━━ EXCERPTED DATA

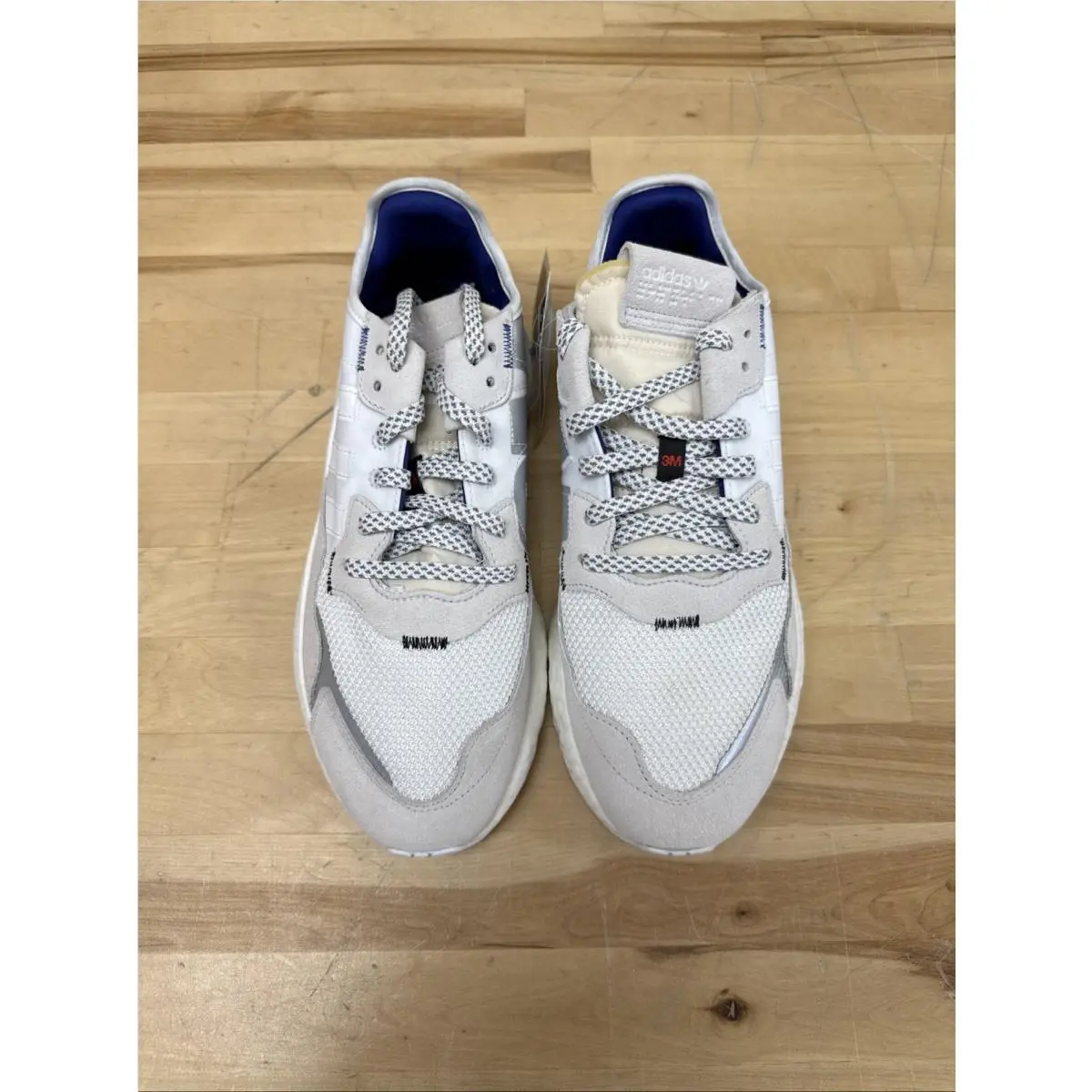 Adidas shoes - Adidas Nite Jogger 3M - Nite Jogger - EE5885 - White 9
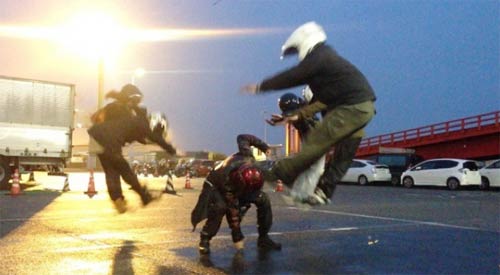 ท่าพลังคลื่นเต่า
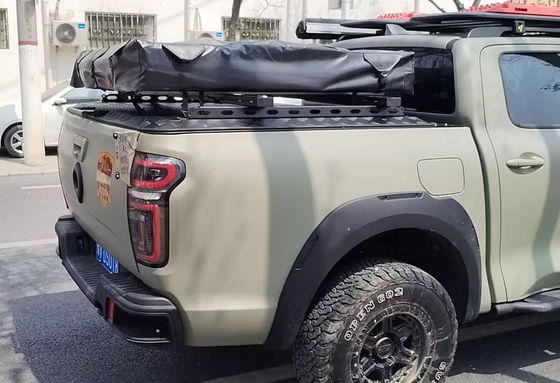 HILUX VIII N1 단단한 철인 트럭 침대 덮개 알루미늄 합금 토네오 덮개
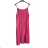 Šaty šifónové letné na ramienka dámske (S/M ONE SIZE) TALIANSKA MóDA IM3235015/DU S/M fialová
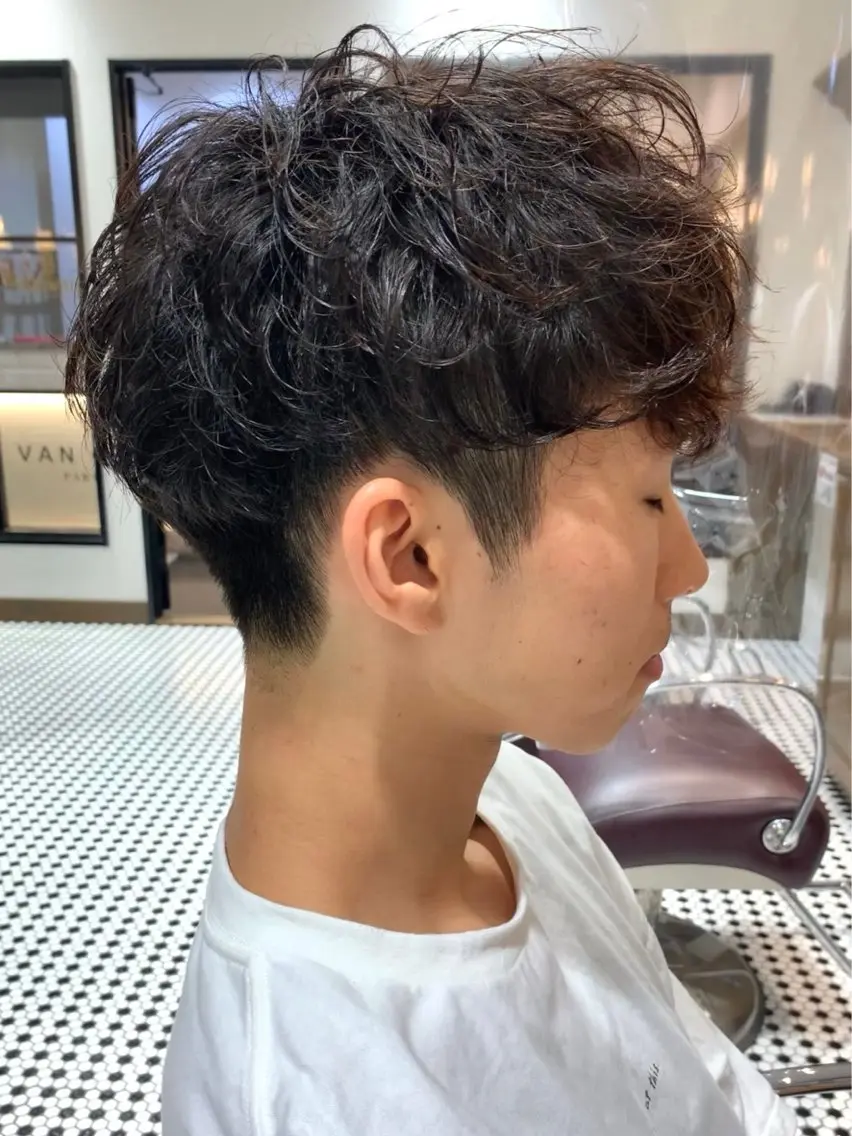 パーマ メンズ 🐴メンズ特化🐴 豊橋/ババのヘアスタイル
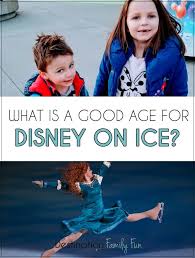 What Is A Good Age For Disney On Ice I Was Surprised How Well My Two Year Old Enjoyed It You Might Just Be Ple Disney On Ice Toddler Travel Surprise Vacation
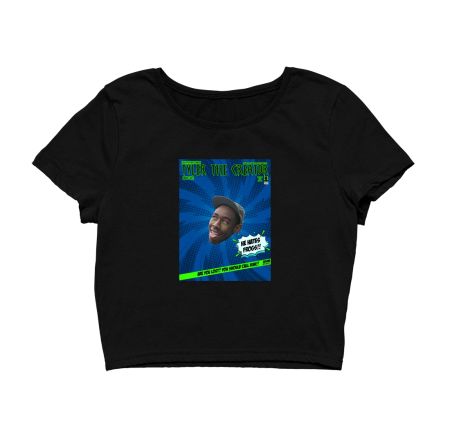 TYLER THE CREATOR COMIC Crop Top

━━━━

WHAT IS NEEDED: The answer must be an exact copy of the lines from the one that holds "What Is A Good" through the end of the data, both included, with no pictures.

EXERCISE ANSWER:
 What Is A Good Age For Disney On Ice I Was Surprised How Well My Two Year Old Enjoyed It You Might Just Be Ple Disney On Ice Toddler Travel Surprise Vacation
 TYLER THE CREATOR COMIC Crop Top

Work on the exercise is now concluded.